Iron ore lump premium contracts in October on the Singapore Exchange saw traded volume at 23,210 lots, or 2,321,000 mt, settled against the Platts spot lump premium assessment, close to a 30-fold surge since the start of the year.
The traded volume stood at merely 80,000 mt in January.
The traded volume of lump premium contracts has increased substantially since the start of August, when Platts increased the frequency of the physical lump assessment from weekly to daily, with traded volume rising 300% from July.
Trade was concentrated in the prompter month strips, with volume for the November and December strips having risen to 1,550 lots and 4,100 lots respectively on October 31, compared with zero at the start of the month.

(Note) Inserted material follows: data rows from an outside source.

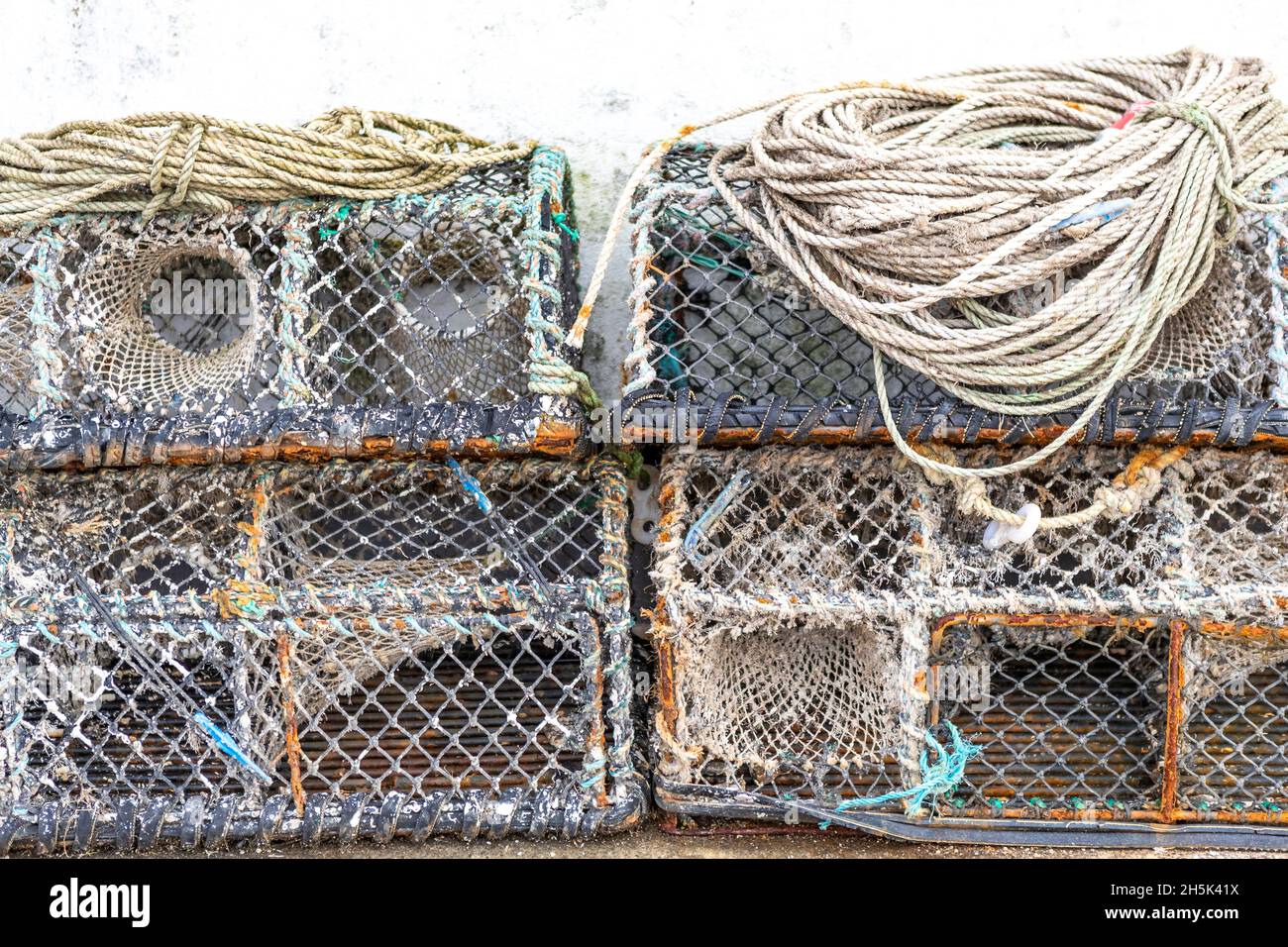 Vasi di aragosta impilati fuori di una casa di pesce, Newlyn Harbour, Cornovaglia. REGNO UNITO Foto Stock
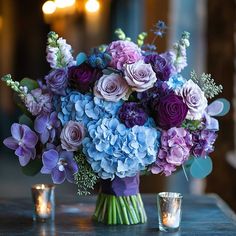 a vase filled with purple and blue flowers sitting on top of a table next to two candles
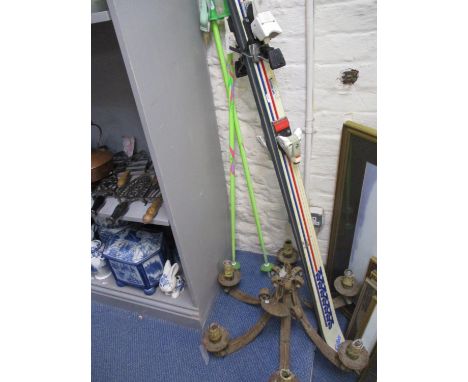 A pair of skis and poles together with a vintage ceiling light 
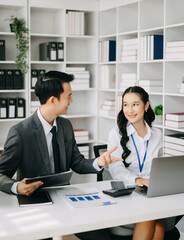 Two business workers talking on the smartphone and using laptop at the office.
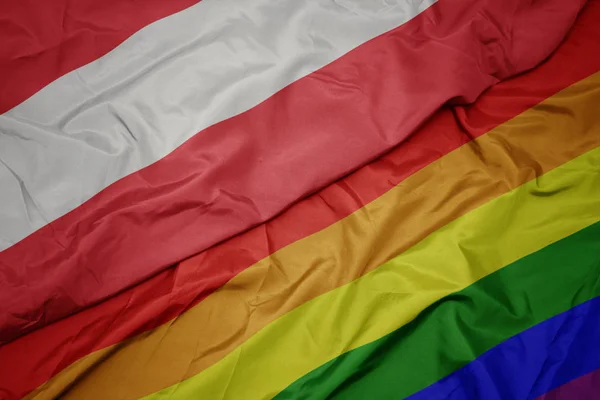 Waving colorful gay rainbow flag and national flag of austria. — Stock Photo, Image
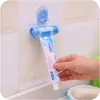 Groothandel - 5 kleuren plastic rollende buis squeezer nuttige tandpasta Easy dispenser, badkamer tandpasta houder, badkamer accessoires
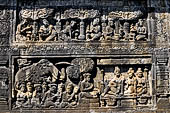 Borobudur reliefs - First Gallery, Northern side - Lalitavistara. Panel 92. Gods decorate the bodhi trees. 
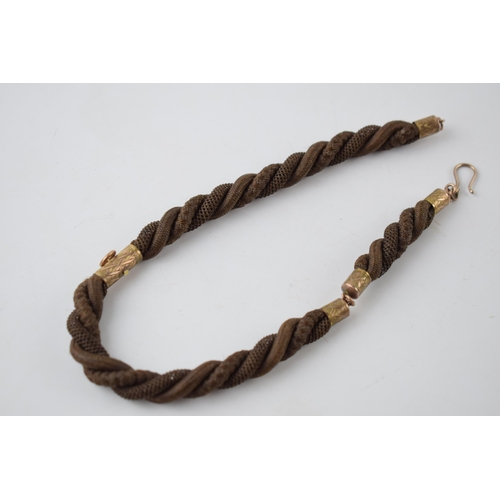 196 - Early Victorian mourning watch chain made with finely plaited hair and gold mounts (test as 9ct or b... 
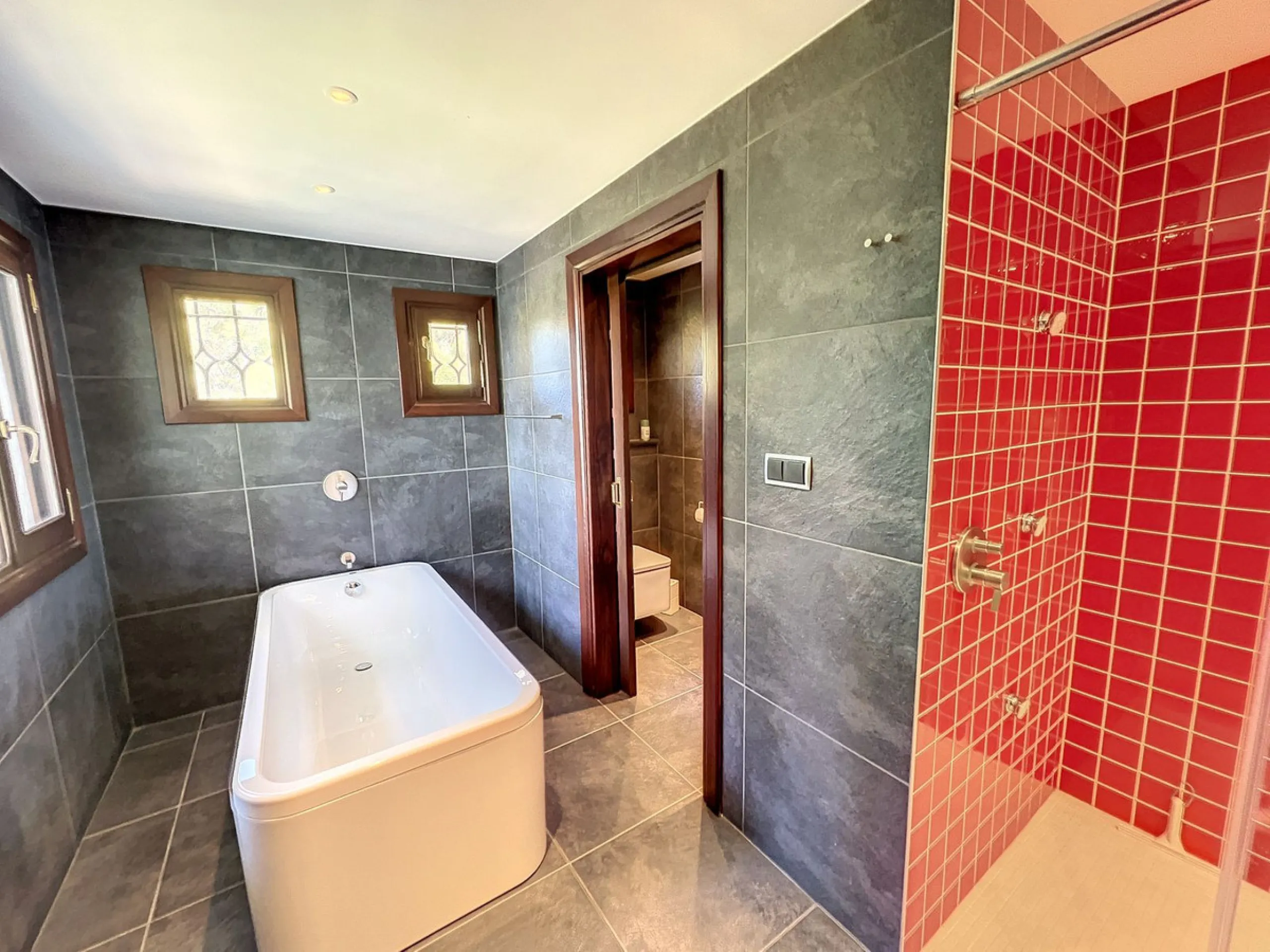 Tucked away in a beautiful corner of Mijas, this lovely villa offers breathtaking panoramic views that will truly impress. Perfectly designed for two families, it has three spacious bedrooms, plus an extra room with a double sofa bed, providing plenty of 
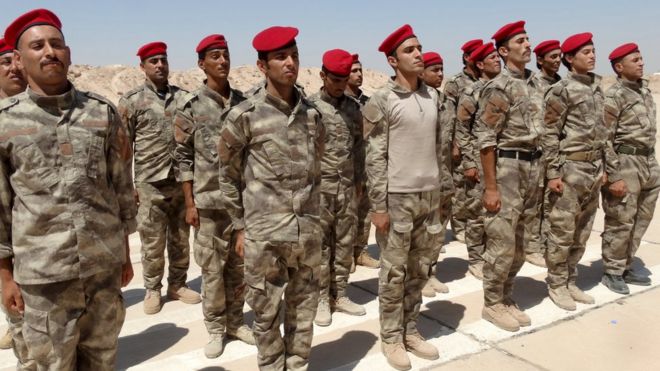 Iraqi Sunni tribesmen attend a weapons-presentation ceremony at Camp Habbaniyah, near Ramadi, on 3 September 2015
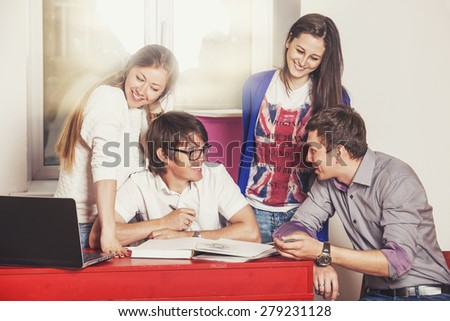 People friends working at home at the table with laptop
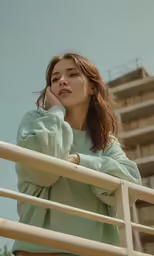 a woman with her arms crossed stands by a rail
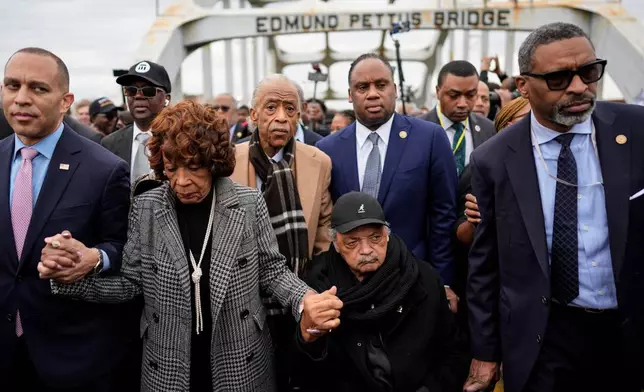 FILE - U.S. Rep. Hakeem Jeffries, D-NY, U.S. Rep. Maxine Waters, D-Calif., Rev. Al Sharpton, Rev. Jesse Jackson and NAACP President Derrick Johnson march across the Edmund Pettus bridge during the 60th anniversary of the march to ensure that African Americans could exercise their constitutional right to vote, March 9, 2025, in Selma, Ala. (AP Photo/Mike Stewart, File)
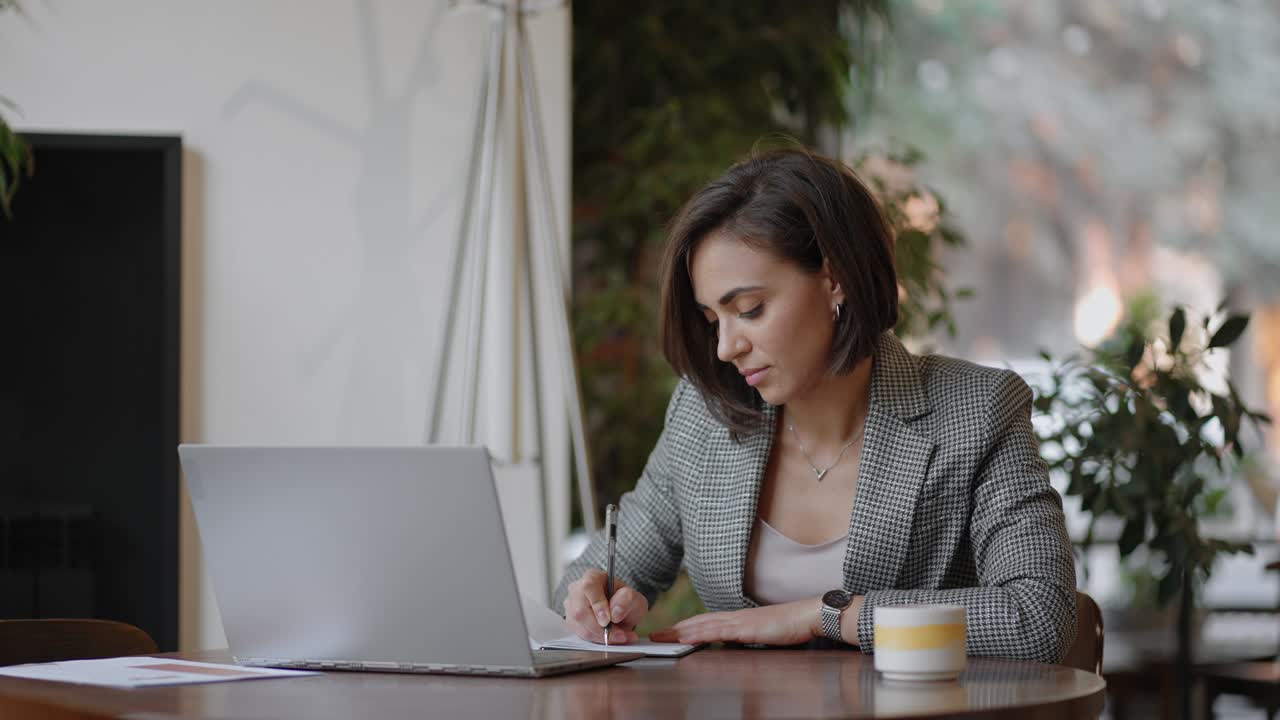 mujer de negocios escribiendo algo en un cuaderno. mujer emprendedora estudiante estudiando escribiendo una nota en el lugar de trabajo cerca de la computadora. una mano de mujer escribiendo en un cuaderno blanco en la mesa.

However, SGX's lump premium contract volume fell 34% on the month from the all-time record high in September at 3,505,000 mt.
Mills in northern China have been facing sintering restrictions and output cuts ahead of the winter season, when air quality tends to deteriorate. As a result, raw materials demand, including iron ore lump, has thinned considerably in recent weeks.
"There is less need to hedge when premium is at this level because it's likely to sustain given seasonal demand," an East China trader said.
On the back of lackluster demand, Platts spot lump premium assessment fell more than 50% from a historical high of $0.4595/dmtu on September 18 to $0.2035/dmtu on Wednesday.
October open interest was 2,795,300 mt on SGX's lump premium contract, down 1.52% on the month.
Meanwhile, SGX's daily iron ore fines contract traded volume averaged 50,756 lots in October, down 21% from September.
SGX iron ore fines contracts are settled against TSI's Iron Ore CFR China index, a unit of S&P Global Platts.